• **Requirement**
I would like the lines below, from the one with "superdry Sudadera con" through the one with "Pantalon fille velours", copied exactly and without any pictures.

• **Exercise input**
▼

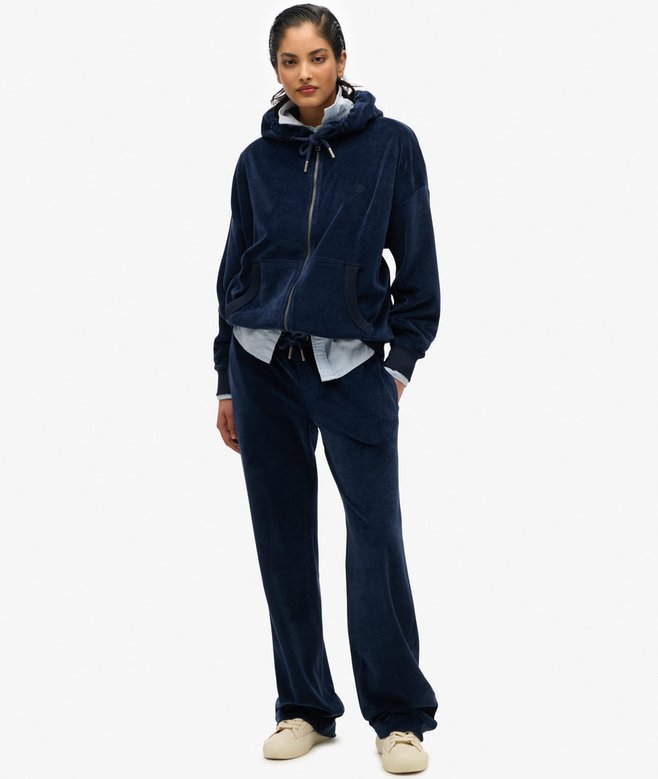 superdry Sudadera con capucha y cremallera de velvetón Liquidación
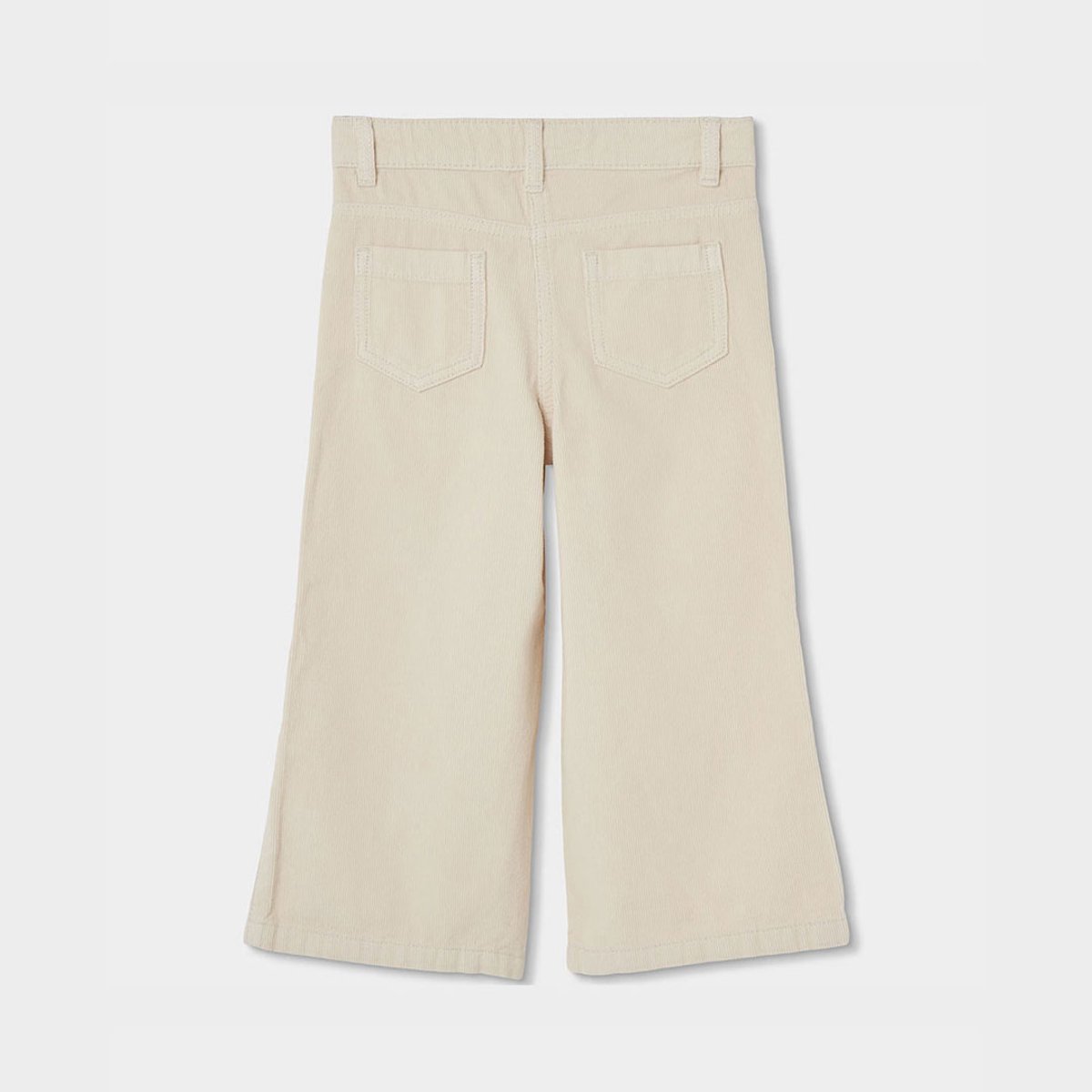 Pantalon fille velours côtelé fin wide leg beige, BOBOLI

▲
▼

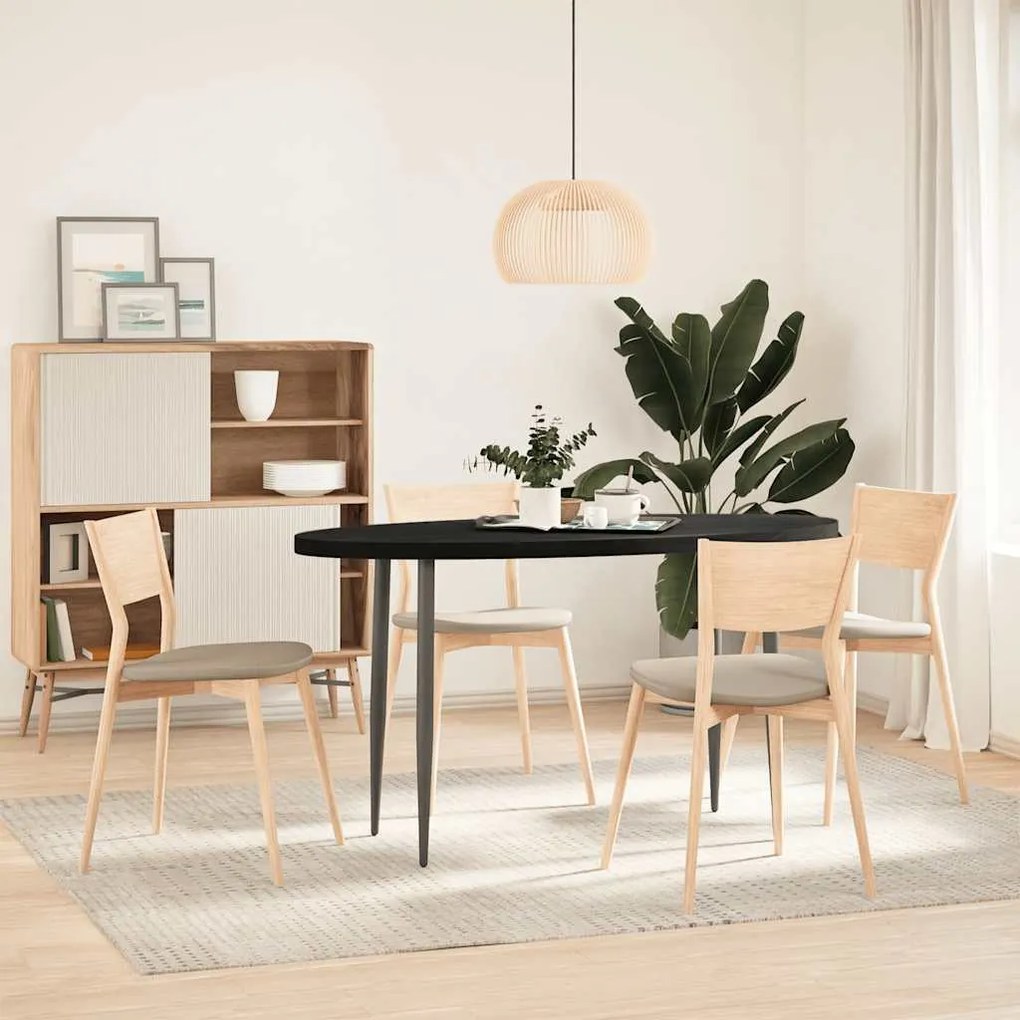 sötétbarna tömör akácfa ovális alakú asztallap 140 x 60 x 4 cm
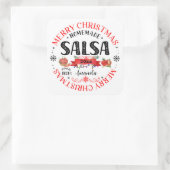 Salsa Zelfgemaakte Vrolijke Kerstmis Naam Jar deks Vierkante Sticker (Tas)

▲

• **Reply to the exercise**
 superdry Sudadera con capucha y cremallera de velvetón Liquidación
 Pantalon fille velours côtelé fin wide leg beige, BOBOLI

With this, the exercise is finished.